[PATCH v4] arm64: cpuinfo: Expose MIDR_EL1 and REVIDR_EL1 to sysfs
Catalin Marinas
catalin.marinas at arm.com
Tue Jun 14 04:01:54 PDT 2016
On Mon, Jun 13, 2016 at 06:21:40PM +0100, Russell King - ARM Linux wrote:
> On Mon, Jun 13, 2016 at 06:08:09PM +0100, Suzuki K Poulose wrote:
> > From: Steve Capper <steve.capper at linaro.org>
> >
> > It can be useful for JIT software to be aware of MIDR_EL1 and
> > REVIDR_EL1 to ascertain the presence of any core errata that could
> > affect codegen.
> >
> > This patch exposes these registers through sysfs:
> >
> > /sys/devices/system/cpu/cpu$ID/identification/midr
> > /sys/devices/system/cpu/cpu$ID/identification/revidr
> >
> > where $ID is the cpu number. For big.LITTLE systems, one can have a
> > mixture of cores (e.g. Cortex A53 and Cortex A57), thus all CPUs need
> > to be enumerated.
> >
> > If the kernel does not have valid information to populate these entries
> > with, an empty string is returned to userspace.
>
> So there's no confusion, I've historically said no on 32-bit ARM to
> exposing the MIDR to userspace, and my position on that for 32-bit
> ARM has not changed.
It depends on what you mean by "exposing". You can already get this
information in two ways: /proc/cpuinfo parsing or KVM ioctls.
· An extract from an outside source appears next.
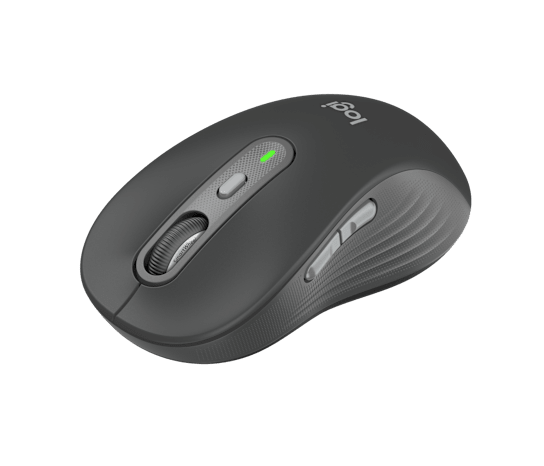 Egy fekete Logitech vezeték nélküli egér görgővel, gombokkal és zöld fényjelzővel, sötétzöld háttér előtt.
Of course,
this information can be abused in ways the kernel people did not intend
but it's late to hide something already exposed.
What we don't have is REVIDR and that's something useful to a JIT in
deciding whether it needs to work around certain CPU errata (unless we
come up with another mechanism to inform user about hardware bugs).